Upon being entrusted with the directive by Akbar to write the manuscript, Gulbadan Begum begins thus:

There had been an order issued, ‘Write down whatever you know of the doings of Firdous-Makani (Babur) and Jannat-Ashyani (Humayun)’. At this time when his Majesty Firdaus-Makani passed from this perishable world to the everlasting home, I, this lowly one, was eight years old, so it may well be that I do not remember much. However in obedience to the royal command, I set down whatever there is that I have heard and remember.

From her account we know that Gulbadan was married by the age of seventeen to Khizr Khwaja Khan, a Chagtai Mughal by ancestry and her second cousin. She had at least one son. She had moved to Delhi/Agra in 1528 from Kabul with her foster mother. After the defeat of Humayun in 1540 she moved back to Kabul to live with one of her half brothers. She did not return to Agra immediately after Humayun won back his kingdom. Instead, she stayed behind in Kabul until she was brought back to Agra by Akbar, two years after Humayun died in a tragic accident in 1556. Gulbadan Begum lived in Agra and then Sikri for the rest of her life, except for a period of seven years when she undertook a pilgrimage to Mecca.

She appears to have been an educated, pious, and cultured woman of royalty. She was fond of reading and she had enjoyed the confidences of both her brother Humayun and nephew Akbar. From her account it is also apparent that she was an astute observer, well versed with the intricacies of warfare, and the intrigues of royal deal making. The first part of her story deals with Humayun’s rule after her father’s death and the travails of Humayun after his defeat. She had written little about her father Babur, as she was only aged eight when he died. However, there are anecdotes and stories she had heard about him from her companions in the Mahal (harem) that she included in her account. The latter part also deals with life in the Mughal harem.

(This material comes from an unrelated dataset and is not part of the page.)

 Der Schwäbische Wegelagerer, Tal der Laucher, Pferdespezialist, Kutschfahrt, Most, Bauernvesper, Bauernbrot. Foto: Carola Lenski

She recorded one light-hearted incident about Babur. He had minted a large gold coin, as he was fond of doing, after he established his kingdom in India. This heavy gold coin was sent to Kabul, with special instructions to play a practical joke on the court jester Asas, who had stayed behind in Kabul. Asas was to be blindfolded and the coin was to be hung around his neck. Asas was intrigued and worried about the heavy weight around his neck, not knowing what it was. However, when he realized that it was a gold coin, Asas jumped with joy and pranced around the room, repeatedly saying that no one shall ever take it from him.

Gulbadan Begum describes her father’s death when her brother had fallen ill at the age of twenty-two. She tells that Babur was depressed to see his son seriously ill and dying. For four days he circumambulated the bed of his son repeatedly, praying to Allah, begging to be taken to the eternal world in his son’s place. As if by miracle, his prayers were answered. The son recovered and the forty-seven year old father died soon after.

Soon after his exile, Humayun had seen and fallen in love with a thirteen year old girl named Hamida Banu in the harem of Shah Husain Mirza. At first she refused to come to see the Emperor, who was much older than her. Finally she was advised by the other women of the harem to reconsider, and she consented to marry the Emperor. Two years later, in 1542, she bore Humayun a son named Akbar, the greatest of the Mughal rulers. Gulbadan Begum described the details of this incident and the marriage of Humayun and Hamida Banu with glee, and a hint of mischievousness in her manuscript.

Gulbadan also recorded the nomadic life style of Mughal women. Her younger days were spent in the typical style of the peripatetic Mughal family, wandering between Kabul and Delhi. During Humayun’s exile the problem was further exaggerated. She had to live in Kabul with one of her step brothers, who later tried to recruit her husband to join him against Humayun. Gulbadan Begum persuaded her husband not to do so.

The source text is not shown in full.